Never heard of that sand. Take some dry sand and pour vinagar on it to see if it will change ph. 
Make sure the depth isnot to deep or you may get anerobic pockets


----------



## Piscesgirl (Jan 20, 2004)

I mixed black Estes Marine sand with my Eco Complete in my 29 gallon and it works fine. It does not raise Ph in the long term, although I had a bit of a row over this with an online fish company (they have on the add "raises ph" but I was informed otherwise by a lfs and after using it, find it to not raise ph (I have very soft water, kh of 1). However, I would advise mixing with Eco-Complete or some other more plant-useful substrate.


----------



## Bonsai (Jul 26, 2004)

The sand doesn't alter the PH at all ..... I've Estes sand for years now so I know that it doesn't do that. My concern was whether the plants would root well in the sand. Though I'd hate to mix flourite with the sand, it appears that that is what I must do (as suggested by PISCESGIRL). Unfortunately the Estes is a marine blue color (got it really cheap!) and I have a few bags of red flourite to toss in there. It'll look completely unnatural but the green foliage, surprisingly, stands out well against the blue.


----------



## aquatic-store.com (May 24, 2003)

MIXING flourite with sand in my opinion is not a good idea as you will have a mess.
Possibly having the flourite as a bottem layer yes. Mixing eco complete yes. I think if you ever decided to moove suff around you would have a huge algae outbreak


----------



## Bonsai (Jul 26, 2004)

I've spilled flourite in the sand before (potted plant) and it has always managed to rise above the in short time. I figure that I will that problem to contend with. But this (potential) algae outbreak doesn't sound too pretty. What is your logic for the algae outbreak? I'm new at this so I just don't understand. I only plan on mixing 75% sand vs 25% flourite.


----------



## yolie (Sep 10, 2004)

Please help me!!

Is the CaribSea Aragamax Reef (fine, oolitic) sand safe for Corydoras freshwater fish*?* I added about 1 inch to my freshwater, 46 gallon tank (15lbs of Estes, 30lbs of Aragamax). It’s extremely cloudy right now so I can’t add fish to begin a cycle yet. I'm worried because it's been hours and it hasn't gotten any less cloudy. Can you suggest a way to clear-up the water*?* Someone told me on a forum that the cloudiness is most likely due to the sand buffering the KH up and that I’ll have a harder time keeping plants and some fish with this sand. Is this true*?* Why*?* Should I switch to a less fine sand*?* Lastly, when I move ornaments in my tank I get dust clouds. If I have small glider fish like Cory Cats on the sand will their gliding/wobbling around cause then to kick up dust clouds behind them*?*

Please reply soon. Thanks for your help in advance.


----------



## Bonsai (Jul 26, 2004)

I don't have experience w/ the CaribSea Aragamax Reef but I've used play sand (from Home Depot) which is very fine also. The cloudiness took several days to clear completely. 

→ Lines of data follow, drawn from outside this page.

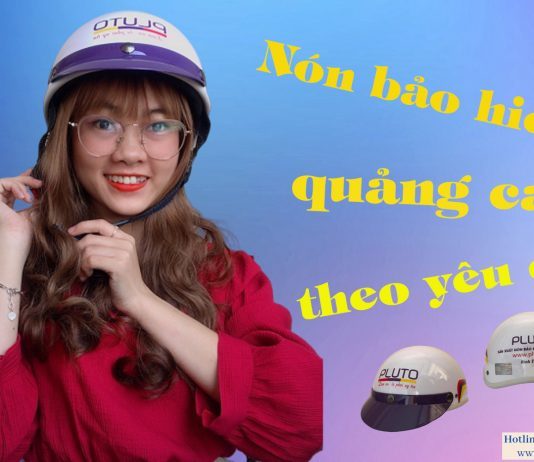 Làm nón bảo hiểm quảng cáo theo yêu cầu ở TPHCM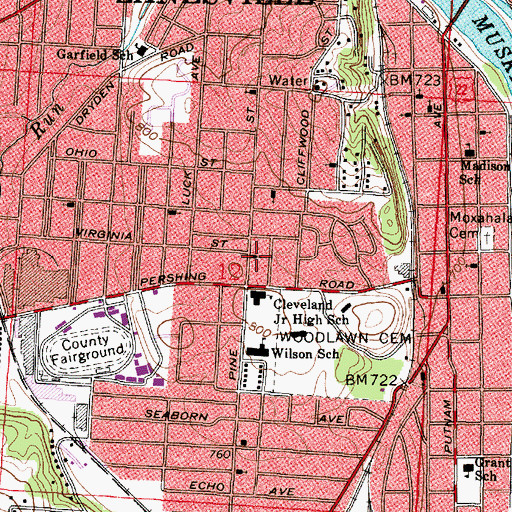 Topographic Map of Kingdom Hall of Jehovahs Witnesses, OH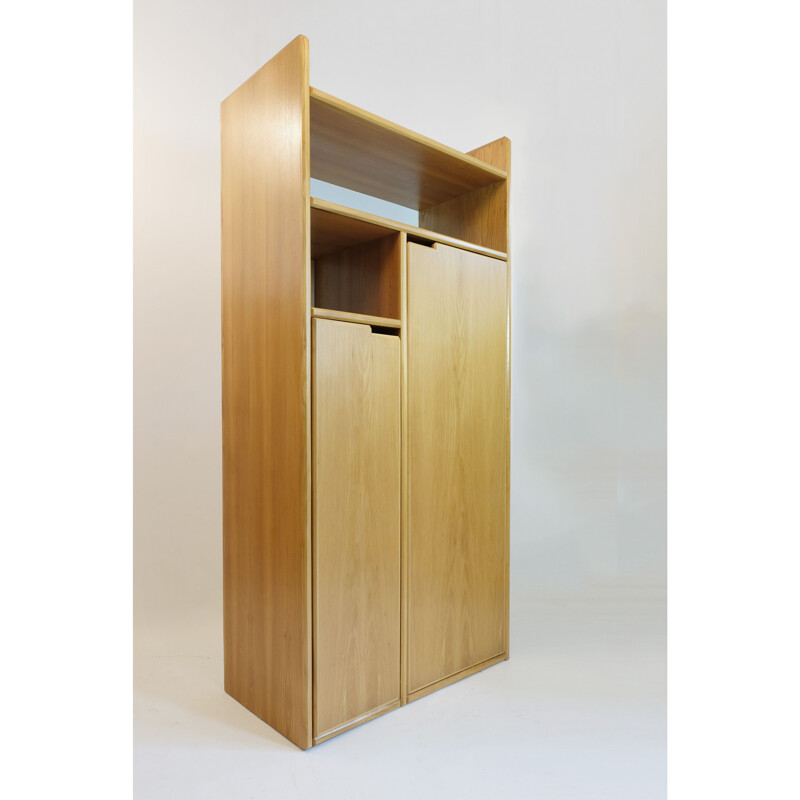 Vintage elm cabinet by Pierre Chapo from the GO series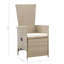 Chaise de patio inclinable avec coussins-1823144197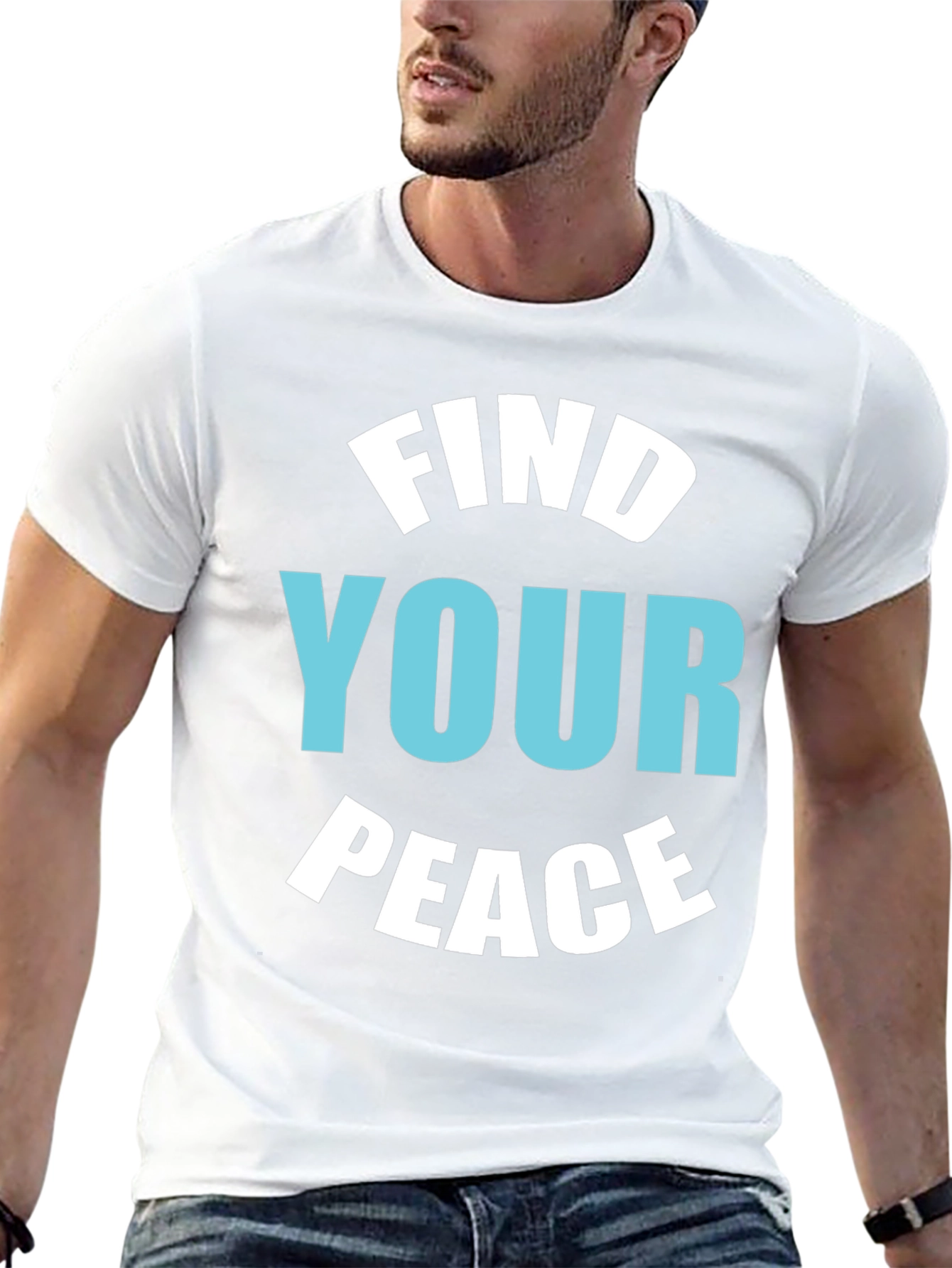 Find Your Peace Black Graphic Tee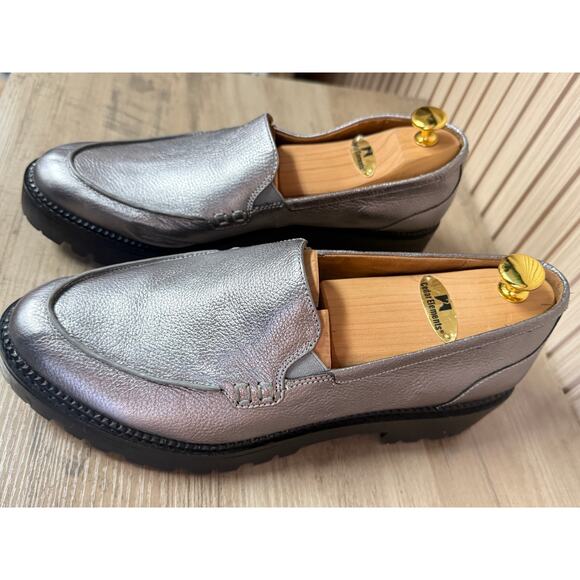 Caslon Millany Lug Sole Loafer Pewter Metallic Women’s Size 13M - Picture 6 of 15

You should start a new new thread about the Caribsea Ara. so others (who may have used it) can add their input more readily.


----------



## yolie (Sep 10, 2004)

I'm lazy... with a plan... I got one hose sucking out water while the other hose puts water in... clearing it all up really fast and it's rinsing out the sand in it's only little way. I even got the water level to stay put while it does this change. It may take hours but I'd rather that then weeks. I'll post a new thread with an update.


----------